## Problem to solve
Write the listing out again word for word, leaving each picture behind.

## Data section
Segment Open

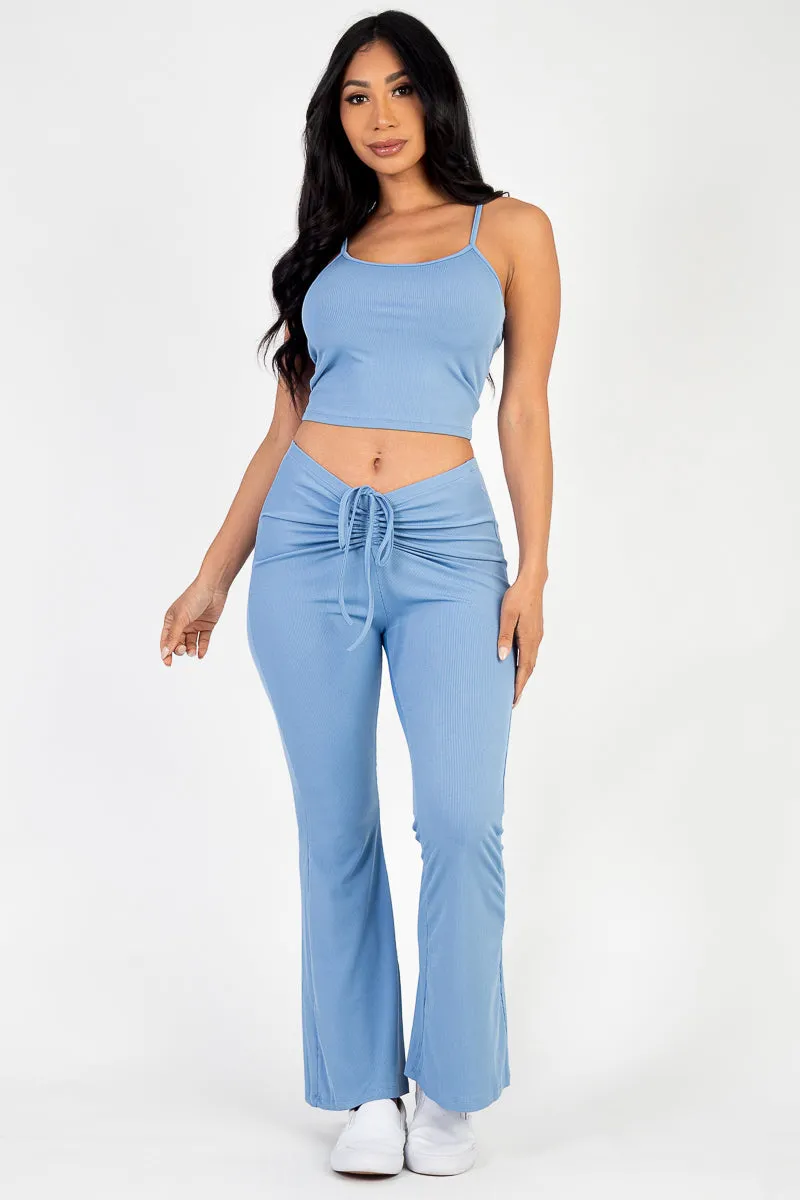 Ribbed Cami Top & Ruched Drawstring Flared Pants Set (CAPELLA)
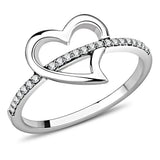 Alamode High polished (no plating) Stainless Steel Ring with AAA Grade CZ in Clear - Alamode - Flyclothing LLC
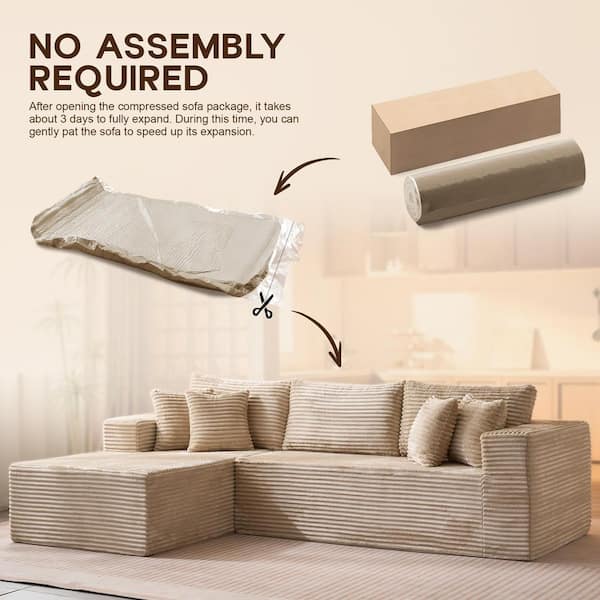 Allwex DIMO 108 in. Wide Arm 2-Piece Modern Plush Corduroy L-Shape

Segment Closed

## Result of the exercise
 Ribbed Cami Top & Ruched Drawstring Flared Pants Set (CAPELLA)
 Alamode High polished (no plating) Stainless Steel Ring with AAA Grade CZ in Clear - Alamode - Flyclothing LLC
 Allwex DIMO 108 in. Wide Arm 2-Piece Modern Plush Corduroy L-Shape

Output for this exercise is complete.